Emotional Blunting and Tackling Depression Sober

Urgesurfer
Community Member

I've suffered with Depression my whole life, this includes suicidal ideation and feelings of hopelessness. I have managed it with self medication and have managed to mask it for a long time as a functional person (exhausting).

 

The symptoms have effected my ability to interact with the world around me in ways that are meaningful and my relationships with family and friends are sometime effected with a distancing or feeling of not belonging - I isolate and am critical of myself.

 

It's become hard of late as I recently went to hospital after a drunken suicide plan "Practiced" one evening. I am sober now and facing these familiar feelings of hopelessness ... now without my historic coping mechanism (Which is actually going really well) but like these feelings are horrid and draining and isolating despite being surrounded by good people and a great family and partner. It's like the colour has been drained from my life and I HATE it.... 

2 Replies 2

Psychdiaries2
Community Champion

Hi there,

 

Welcome to the forums. I'm glad you found us!

 

I understand how masking yourself is extremely exhausting as someone who has also done the same in the past, I relate to you. It's easy to be so hard on yourself when you're struggling and struggle to be around others even though we have wonderful people around us. It's a tough burden to carry, but you don't have to do it alone. 

 

I know you said you went to the hospital, but may I ask if you have spoken to your GP about your symptoms of suicidal ideation and hopelessness? Reaching out on here is a great place to start, but it would also be helpful to speak to a professional and take it from there. You are more than welcome to continue chatting on here if you wish and also use Beyond Blue's services here: https://www.beyondblue.org.au/get-support/talk-to-a-counsellor where you can call (1300 22 4636) or chat online to a counsellor. 

 

Thank you for taking the time to reach out, it really is a commendable thing to do. Wishing you the best, we're here when you need 🤗

therising
Valued Contributor

The warmest of welcomes to you at a time that challenges you in so many different ways.

 

With depression being so complex, there can be so many different reasons for experiencing it. There can be dozens of different reasons or causes. I think one of the top 5 questions asked with depression would have to be 'Why am I experiencing it, personally?'. Until we get to the bottom of the reason/s, it can just feel hopeless. Btw, as a 55yo gal, I largely drank my way through my 20s and long term depression and can relate to how drinking can sometimes soften or take the emotional edges off depression. Of course, as I'm sure you know, alcohol definitely has some depressing side effects which doesn't help matters. As a non drinker, the question becomes 'How do I manage my feelings, now that I can sense them more intensely?'. Personally, I found the answer to that to be 'There's no choice but to get to the bottom of them'. Who we find to help us do that depends on a number of things, including our beliefs.

 

If I believe depression is a physical or chemically based thing only, I'll seek out forms of chemistry to manage it (whether that involves the chemistry in alcohol, medications, certain dietary chemistry, certain physical activities that promote particular chemical reactions etc). If I believe depression is a mental or psychological thing only, I'll seek out something or someone to aid me mentally or psychologically. If I believe depression is a soulful or soul destroying thing only, I may search for soulful things to help manage it yet perhaps fail to address depressing chemical imbalances and significant psychological issues in the process.

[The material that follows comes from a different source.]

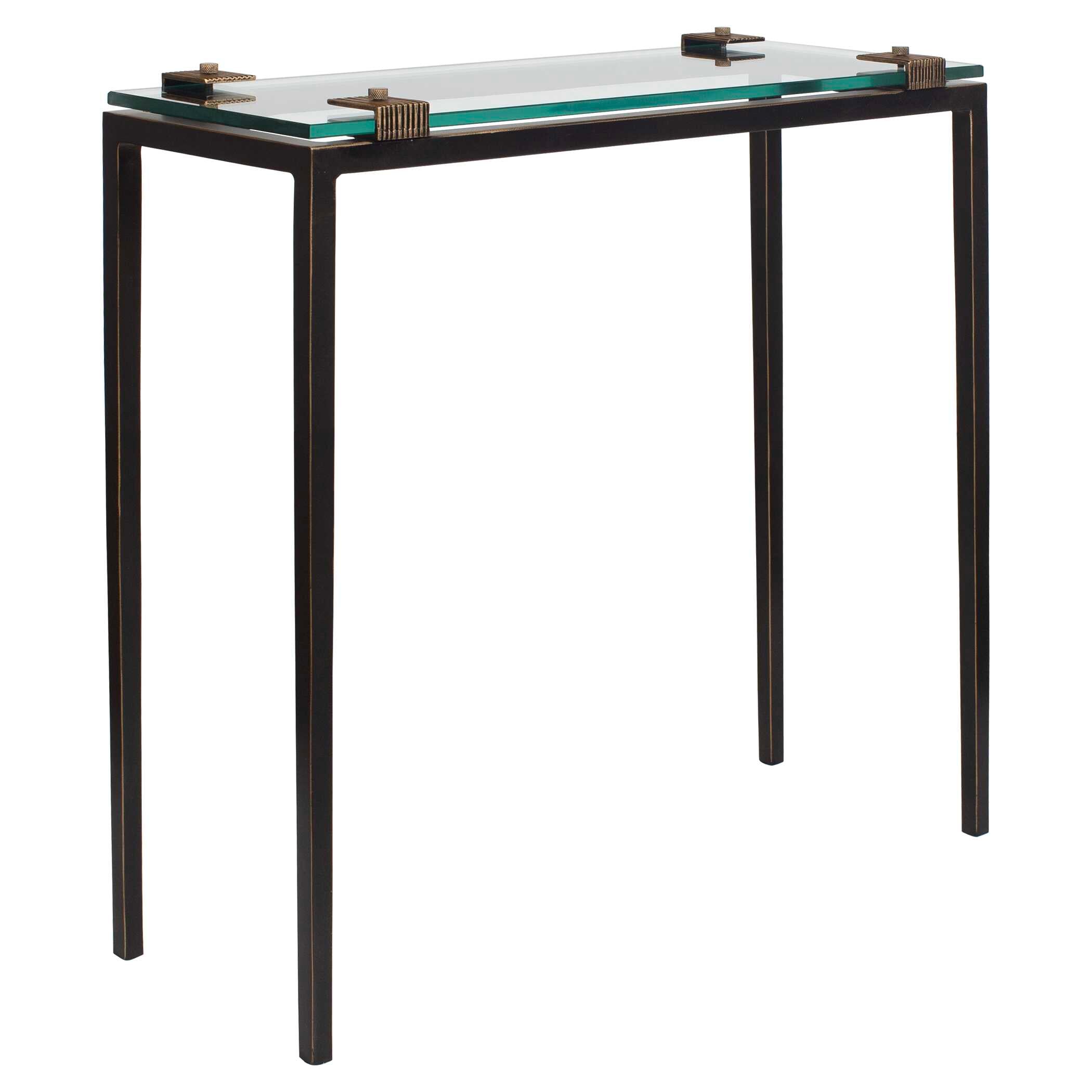 Uttermost Furniture Uttermost Averona Glass Top Accent Table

But if I believe it could involve any one of those 3 factors or even all of them, my mind opens to possibilities and a sense of hopefulness (that the reason/s or cause/s will be found). 

 

While it can be easier said than done while within depression, the 'Who am I and how do I tick' factor can make some difference. It can make us fascinating to ourself 

  • Who am I and how do I tick from a physical or chemical perspective?
  • Who am I and how do I tick from a mental or psychological perspective?
  • Who am I and how do I tick from a natural perspective? Another way of putting that is 'Who am I naturally?'

I can recall when I first started wondering about all this kind of stuff. The answer to all of these questions was quite shocking and mind altering. The answer, 'I have absolutely no idea'. Amongst all the revelations that followed over the years, I reached a conclusion about depression: I have the ability to feel something depressing going on. The ultimate question becomes 'What the hell am I feeling the depressing side effects of?'. Depression holds the potential to turn us into one heck of a determined detective, in a desperate search for clues.